- Born: 1911
- Died: 1990
- Occupation(s): Principal Medical Officer for the Child Health Service, Edinburgh
- Known for: Preventable diseases in children; Writing the SSHM's annual proceedings; Historico-medical writings;
- Medical career
- Sub-specialties: Child welfare; Training of medical and nursing staff;
- Notable works: Dr Elsie Maud Inglis (1864-1917): a great lady doctor; A Doctor and Two Policemen;

= Haldane Philp Tait =

Scottish medical officer

Haldane Philp Tait (1911–1990) was the Principal Medical Officer for the Child Health Service, Edinburgh and co-founder of the Scottish Society of the History of Medicine and as a result of his contributions, became its President in 1977 and Honorary President in 1981. He also published Dr Elsie Maud Inglis (1864-1917): a great lady doctor in 1964, and later recorded the history of the Edinburgh Health Department from 1862 to 1974 in a book entitled A Doctor and Two Policemen.

==Early life and education==
Haldane Tait was born and educated in Edinburgh. He graduated MBChB in 1933. His essay on “The early history of paediatrics in Britain” was awarded the Wellcome Medal and Prize in the History of Medicine (University of Edinburgh, 1950).

==Career==
He subsequently pursued a career in preventive healthcare in relation to child health as Principal Medical Officer for the Child Health Service, Edinburgh. He was particularly interested in the training of medical and nursing staff and in 1966–67, on behalf of the World Health Organization, he spent a year as Visiting Lecturer at the University of Baroda in India.

He was a founder member of the Scottish Society of the History of Medicine (SSHM) and was appointed its first secretary in 1948, solely running its affairs for the subsequent 15 years and as Joint Secretary for many years thereafter. He was President of the SSHM, from 1977–1979 and was made Honorary President in 1981 in recognition of his contributions to the Society's affairs.

He wrote the SSHM's annual proceedings, which he expanded from an initial eight page report in 1953 to a 56-page one by 1970.

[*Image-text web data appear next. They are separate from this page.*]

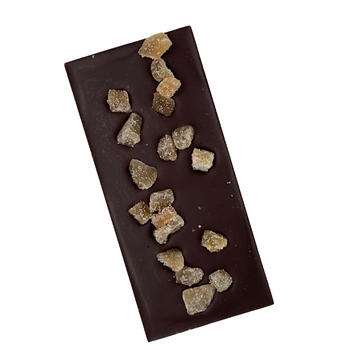 Bitterschokolade mit Ingwer 100 g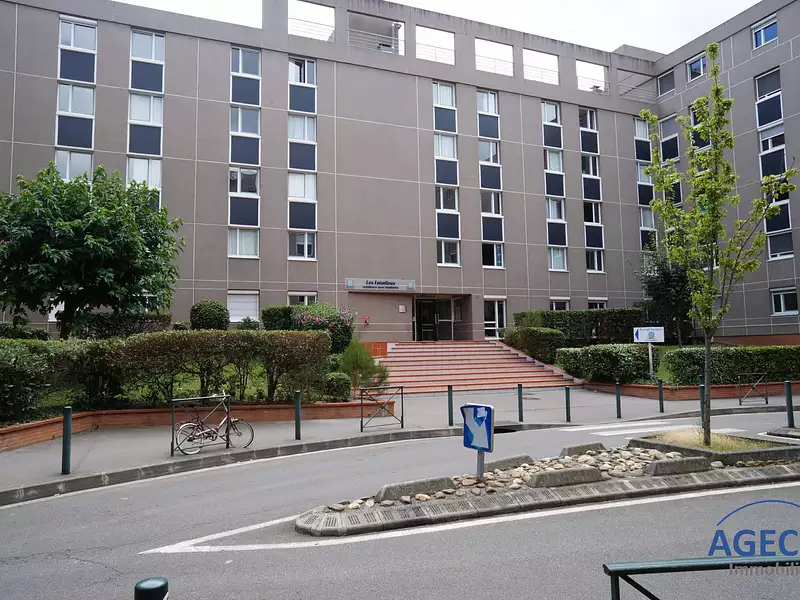 Appartement, 19,04 m²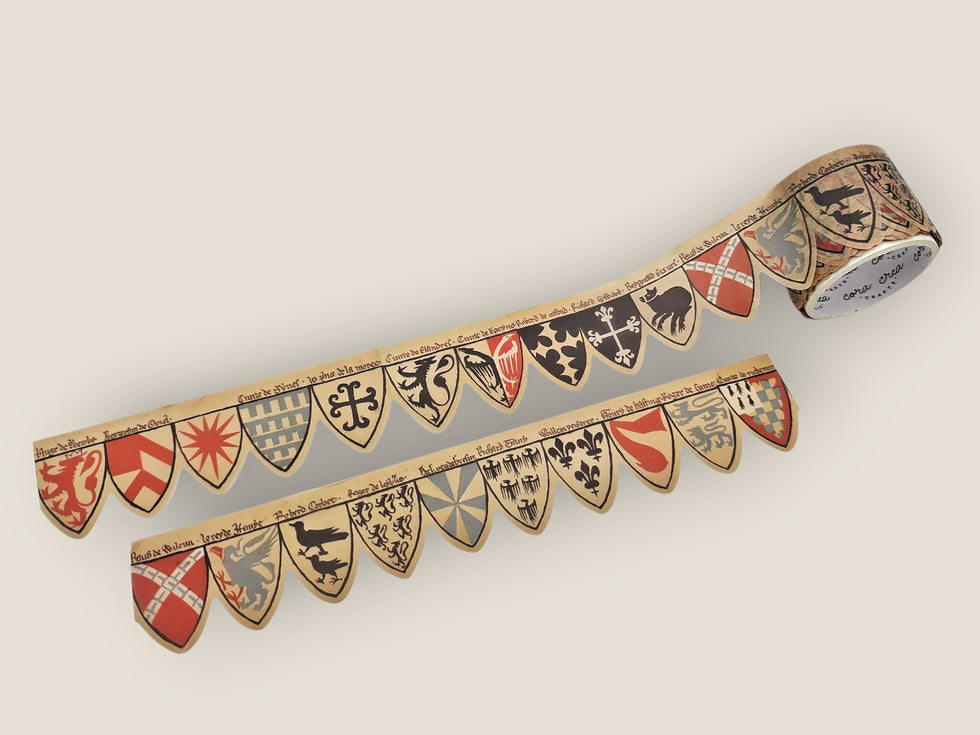 CoraCreaCrafts Roll of Arms Cutout Tape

In 1953 he was elected a member of the Harveian Society of Edinburgh.

==Publications==
Tait was a prolific writer. In 1964, he published Dr Elsie Maud Inglis (1864-1917): a great lady doctor (Edinburgh: Bridgend Press) and in 1974, he published A Doctor and Two Policemen (Edinburgh: Mackenzie and Storrie Ltd), which detailed the history of the Edinburgh Health Department from its creation in 1862 to its dissolution in 1974. He also wrote many articles and a collection of his papers, correspondence and scrapbooks are kept with the Lothian Health Service Archive at the University of Edinburgh Library.

Edinburgh cartoonist Harry Gilzean drew Tait for his retirement in 1976.

==Death and legacy==
Tait was passed Douglas Guthrie's scrapbook on the reviews of the critically acclaimed A History of Medicine, which was donated to the Lothian Health Service Archive after Tait's death.

The SSHM holds an annual dinner in his memory at which an invited speaker gives a pre-dinner speech. Past speakers have included Magnus Magnusson and Professor Tom Devine.